With working gas in storage expected to hit a record end-of-season low, gas demand slated for solid growth this year and production projected to rise only marginally, the Energy Information Administration (EIA) in its short-term energy outlook for March predicts that the annual average price for wellhead natural gas will be a record high in 2003.
In its report issued on Thursday, the Department of Energy (DOE) agency forecasted that 2003 prices will climb $1.90/Mcf above year-ago levels to $4.80/Mcf on an annual basis, which would be a “record in both nominal and real terms.” The EIA said its bullish price projection was based on an expectation of lower volumes of underground gas in storage throughout the entire year compared to 2002, high oil prices, continued increases in overall gas demand (particularly in the first quarter), and “substantial growth” in industrial demand during 2003.
The high spot gas prices that the market has seen in the past couple of weeks have “abated” somewhat, but they still remain “well above” the $7/Mcf level due to low gas inventories, and are likely to “stay high well into spring,” the EIA said. It estimated that wellhead gas prices for the most recent heating season averaged about $4.45/Mcf, which is $1.90 (79%) above last winter’s price.
Working gas in storage fell to about 838 Bcf at the end of February, and is expected to close out the heating season at 675 Bcf, eclipsing the previous end-of-season low of 741 Bcf set in 2001, according to the agency. This would be 56% below the working gas that was in storage a year ago, the EIA said, adding that “demand for natural gas to refill working gas storage in 2003 will be larger than average” as a result. Gas stocks are particularly low in the eastern region of the country.
This could set the stage for “significant price volatility” in the gas market in the months ahead, it noted. “With the above-normal requirements for storage re-injection now looming on top of expected increases in consumption, the United States is going to need as much new supply as it can get to promote short-term market conditions conducive to lower and more stable natural gas prices by next winter.”
The EIA projects that gas demand will rise 3.7% during 2003, “particularly if the industrial sector as a whole expands significantly as expected,” and will continue to rise in 2004. It pegged gas demand this winter at almost 9% above that seen in the winter of 2002.
At the same time, gas production, which fell by about 2.8% in 2002, is expected to only “increase marginally” by 1.2% during the current year, the DOE agency said.
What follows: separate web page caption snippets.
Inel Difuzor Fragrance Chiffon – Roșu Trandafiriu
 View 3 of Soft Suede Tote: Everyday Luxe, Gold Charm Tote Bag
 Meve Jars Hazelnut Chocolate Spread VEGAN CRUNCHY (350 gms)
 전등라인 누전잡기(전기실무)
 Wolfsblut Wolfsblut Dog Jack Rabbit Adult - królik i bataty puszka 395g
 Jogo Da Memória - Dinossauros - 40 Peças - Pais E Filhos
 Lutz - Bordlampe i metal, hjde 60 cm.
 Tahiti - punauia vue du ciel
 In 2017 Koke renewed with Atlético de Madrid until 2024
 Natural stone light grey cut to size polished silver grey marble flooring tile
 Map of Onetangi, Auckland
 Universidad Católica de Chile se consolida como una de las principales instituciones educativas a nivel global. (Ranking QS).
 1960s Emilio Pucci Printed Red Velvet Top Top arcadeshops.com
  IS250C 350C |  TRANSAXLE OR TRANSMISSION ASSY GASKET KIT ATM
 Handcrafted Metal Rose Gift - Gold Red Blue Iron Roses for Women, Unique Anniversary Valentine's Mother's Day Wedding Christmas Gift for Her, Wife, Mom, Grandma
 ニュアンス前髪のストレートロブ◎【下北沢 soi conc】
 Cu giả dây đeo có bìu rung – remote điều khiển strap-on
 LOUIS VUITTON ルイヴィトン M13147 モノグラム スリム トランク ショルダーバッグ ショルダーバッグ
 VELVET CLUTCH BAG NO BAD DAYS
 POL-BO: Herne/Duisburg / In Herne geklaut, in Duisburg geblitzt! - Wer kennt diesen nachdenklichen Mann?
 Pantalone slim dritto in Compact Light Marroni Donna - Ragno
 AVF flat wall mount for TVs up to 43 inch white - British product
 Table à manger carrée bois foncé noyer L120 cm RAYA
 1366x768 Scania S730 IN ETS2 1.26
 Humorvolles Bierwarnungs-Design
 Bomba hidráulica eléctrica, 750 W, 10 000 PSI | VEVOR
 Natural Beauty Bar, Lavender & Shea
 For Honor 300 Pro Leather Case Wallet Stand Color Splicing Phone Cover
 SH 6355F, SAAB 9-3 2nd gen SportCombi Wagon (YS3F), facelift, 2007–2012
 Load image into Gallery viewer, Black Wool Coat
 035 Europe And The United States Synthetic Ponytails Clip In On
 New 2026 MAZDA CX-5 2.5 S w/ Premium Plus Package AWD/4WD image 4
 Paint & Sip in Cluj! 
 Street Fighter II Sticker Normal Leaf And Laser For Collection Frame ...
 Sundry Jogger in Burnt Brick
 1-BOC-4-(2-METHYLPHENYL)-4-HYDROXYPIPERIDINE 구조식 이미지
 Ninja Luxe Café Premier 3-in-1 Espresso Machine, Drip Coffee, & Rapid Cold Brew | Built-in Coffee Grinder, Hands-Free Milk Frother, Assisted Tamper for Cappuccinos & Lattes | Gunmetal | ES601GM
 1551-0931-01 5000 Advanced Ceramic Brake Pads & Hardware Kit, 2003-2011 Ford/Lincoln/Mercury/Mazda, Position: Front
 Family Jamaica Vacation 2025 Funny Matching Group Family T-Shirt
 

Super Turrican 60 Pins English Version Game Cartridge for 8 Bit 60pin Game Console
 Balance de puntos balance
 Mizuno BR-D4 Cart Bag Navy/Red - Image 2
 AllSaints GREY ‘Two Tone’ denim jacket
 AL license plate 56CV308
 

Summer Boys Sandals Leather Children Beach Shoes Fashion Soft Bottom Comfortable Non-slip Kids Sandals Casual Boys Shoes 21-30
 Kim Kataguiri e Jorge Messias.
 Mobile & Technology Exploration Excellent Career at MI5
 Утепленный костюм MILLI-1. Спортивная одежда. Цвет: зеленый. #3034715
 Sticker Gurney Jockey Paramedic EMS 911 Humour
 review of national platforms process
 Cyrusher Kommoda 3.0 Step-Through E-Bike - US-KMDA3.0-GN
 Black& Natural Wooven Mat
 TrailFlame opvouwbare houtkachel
It noted, however, the higher gas prices and “soaring oil and gas field revenues” are likely to spawn a resurgence in gas-directed drilling this year, which could reach “near or beyond the high levels seen in 2001” by 2004 if the strong prices and demand hold.
Domestic production growth should accelerate in 2004, the EIA said, “but, given recent experience, the extra effort might not result in increases above 2%.” The prospect for “significant reductions in natural gas wellhead prices over the next two years from the current high levels could hinge on the productivity of the expected upsurge in drilling in terms of expected output.”